PROMPT:
Type out all the records again exactly.

ENTRIES PROVIDED:
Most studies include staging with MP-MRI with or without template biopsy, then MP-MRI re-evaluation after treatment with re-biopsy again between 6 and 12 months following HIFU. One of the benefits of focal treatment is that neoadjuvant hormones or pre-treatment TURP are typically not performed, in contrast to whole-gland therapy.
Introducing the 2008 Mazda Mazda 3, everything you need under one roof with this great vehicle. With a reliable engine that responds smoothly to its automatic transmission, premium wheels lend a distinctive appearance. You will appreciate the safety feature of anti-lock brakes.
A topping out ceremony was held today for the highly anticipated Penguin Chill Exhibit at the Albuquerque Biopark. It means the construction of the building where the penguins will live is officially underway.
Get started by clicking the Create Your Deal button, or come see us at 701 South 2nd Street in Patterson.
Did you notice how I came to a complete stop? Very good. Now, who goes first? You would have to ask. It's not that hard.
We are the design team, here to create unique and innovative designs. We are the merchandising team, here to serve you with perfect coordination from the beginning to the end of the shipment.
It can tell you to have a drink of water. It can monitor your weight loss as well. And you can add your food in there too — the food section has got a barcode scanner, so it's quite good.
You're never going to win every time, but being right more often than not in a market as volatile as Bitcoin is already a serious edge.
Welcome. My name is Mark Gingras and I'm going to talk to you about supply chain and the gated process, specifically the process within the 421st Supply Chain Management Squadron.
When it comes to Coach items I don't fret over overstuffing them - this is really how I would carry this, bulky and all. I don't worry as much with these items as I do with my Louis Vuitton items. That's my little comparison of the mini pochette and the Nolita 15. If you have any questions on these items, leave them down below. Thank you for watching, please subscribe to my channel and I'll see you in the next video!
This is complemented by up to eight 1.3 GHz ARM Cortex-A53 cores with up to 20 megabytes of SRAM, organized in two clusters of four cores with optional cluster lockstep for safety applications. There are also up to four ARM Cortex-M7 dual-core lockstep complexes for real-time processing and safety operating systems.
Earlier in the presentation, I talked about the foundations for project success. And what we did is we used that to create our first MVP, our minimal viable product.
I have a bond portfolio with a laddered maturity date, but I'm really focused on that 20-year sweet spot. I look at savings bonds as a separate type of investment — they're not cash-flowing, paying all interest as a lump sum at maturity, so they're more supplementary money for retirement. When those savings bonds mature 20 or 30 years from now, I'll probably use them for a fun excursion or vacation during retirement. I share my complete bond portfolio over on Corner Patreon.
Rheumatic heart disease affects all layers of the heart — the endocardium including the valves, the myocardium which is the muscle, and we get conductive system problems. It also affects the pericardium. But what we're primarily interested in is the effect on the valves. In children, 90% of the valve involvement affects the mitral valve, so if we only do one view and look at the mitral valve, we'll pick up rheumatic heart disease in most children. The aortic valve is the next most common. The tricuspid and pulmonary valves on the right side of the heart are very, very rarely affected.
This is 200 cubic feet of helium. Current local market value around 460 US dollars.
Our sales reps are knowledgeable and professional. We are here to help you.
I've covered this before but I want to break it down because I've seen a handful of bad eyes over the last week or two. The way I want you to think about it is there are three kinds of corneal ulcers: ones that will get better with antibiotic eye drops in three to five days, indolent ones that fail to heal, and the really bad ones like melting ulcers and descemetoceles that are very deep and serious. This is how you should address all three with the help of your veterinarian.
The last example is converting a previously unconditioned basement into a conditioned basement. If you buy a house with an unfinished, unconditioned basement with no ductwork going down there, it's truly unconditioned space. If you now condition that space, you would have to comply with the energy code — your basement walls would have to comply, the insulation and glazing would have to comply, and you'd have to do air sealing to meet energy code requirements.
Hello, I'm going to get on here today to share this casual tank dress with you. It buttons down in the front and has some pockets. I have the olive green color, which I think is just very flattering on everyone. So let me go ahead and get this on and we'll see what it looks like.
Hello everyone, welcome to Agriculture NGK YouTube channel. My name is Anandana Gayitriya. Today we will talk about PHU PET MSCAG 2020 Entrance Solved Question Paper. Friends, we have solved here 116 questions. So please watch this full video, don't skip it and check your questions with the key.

REPLY TO THE EXERCISE:
Most studies include staging with MP-MRI with or without template biopsy, then MP-MRI re-evaluation after treatment with re-biopsy again between 6 and 12 months following HIFU. One of the benefits of focal treatment is that neoadjuvant hormones or pre-treatment TURP are typically not performed, in contrast to whole-gland therapy.
Introducing the 2008 Mazda Mazda 3, everything you need under one roof with this great vehicle. With a reliable engine that responds smoothly to its automatic transmission, premium wheels lend a distinctive appearance. You will appreciate the safety feature of anti-lock brakes.
A topping out ceremony was held today for the highly anticipated Penguin Chill Exhibit at the Albuquerque Biopark. It means the construction of the building where the penguins will live is officially underway.
Get started by clicking the Create Your Deal button, or come see us at 701 South 2nd Street in Patterson.
Did you notice how I came to a complete stop? Very good. Now, who goes first? You would have to ask. It's not that hard.
We are the design team, here to create unique and innovative designs. We are the merchandising team, here to serve you with perfect coordination from the beginning to the end of the shipment.
It can tell you to have a drink of water. It can monitor your weight loss as well. And you can add your food in there too — the food section has got a barcode scanner, so it's quite good.
You're never going to win every time, but being right more often than not in a market as volatile as Bitcoin is already a serious edge.
Welcome. My name is Mark Gingras and I'm going to talk to you about supply chain and the gated process, specifically the process within the 421st Supply Chain Management Squadron.
When it comes to Coach items I don't fret over overstuffing them - this is really how I would carry this, bulky and all. I don't worry as much with these items as I do with my Louis Vuitton items. That's my little comparison of the mini pochette and the Nolita 15. If you have any questions on these items, leave them down below. Thank you for watching, please subscribe to my channel and I'll see you in the next video!
This is complemented by up to eight 1.3 GHz ARM Cortex-A53 cores with up to 20 megabytes of SRAM, organized in two clusters of four cores with optional cluster lockstep for safety applications. There are also up to four ARM Cortex-M7 dual-core lockstep complexes for real-time processing and safety operating systems.
Earlier in the presentation, I talked about the foundations for project success. And what we did is we used that to create our first MVP, our minimal viable product.
I have a bond portfolio with a laddered maturity date, but I'm really focused on that 20-year sweet spot. I look at savings bonds as a separate type of investment — they're not cash-flowing, paying all interest as a lump sum at maturity, so they're more supplementary money for retirement. When those savings bonds mature 20 or 30 years from now, I'll probably use them for a fun excursion or vacation during retirement. I share my complete bond portfolio over on Corner Patreon.
Rheumatic heart disease affects all layers of the heart — the endocardium including the valves, the myocardium which is the muscle, and we get conductive system problems. It also affects the pericardium. But what we're primarily interested in is the effect on the valves. In children, 90% of the valve involvement affects the mitral valve, so if we only do one view and look at the mitral valve, we'll pick up rheumatic heart disease in most children. The aortic valve is the next most common. The tricuspid and pulmonary valves on the right side of the heart are very, very rarely affected.
This is 200 cubic feet of helium. Current local market value around 460 US dollars.
Our sales reps are knowledgeable and professional. We are here to help you.
I've covered this before but I want to break it down because I've seen a handful of bad eyes over the last week or two. The way I want you to think about it is there are three kinds of corneal ulcers: ones that will get better with antibiotic eye drops in three to five days, indolent ones that fail to heal, and the really bad ones like melting ulcers and descemetoceles that are very deep and serious. This is how you should address all three with the help of your veterinarian.
The last example is converting a previously unconditioned basement into a conditioned basement. If you buy a house with an unfinished, unconditioned basement with no ductwork going down there, it's truly unconditioned space. If you now condition that space, you would have to comply with the energy code — your basement walls would have to comply, the insulation and glazing would have to comply, and you'd have to do air sealing to meet energy code requirements.
Hello, I'm going to get on here today to share this casual tank dress with you. It buttons down in the front and has some pockets. I have the olive green color, which I think is just very flattering on everyone. So let me go ahead and get this on and we'll see what it looks like.
Hello everyone, welcome to Agriculture NGK YouTube channel. My name is Anandana Gayitriya. Today we will talk about PHU PET MSCAG 2020 Entrance Solved Question Paper. Friends, we have solved here 116 questions. So please watch this full video, don't skip it and check your questions with the key.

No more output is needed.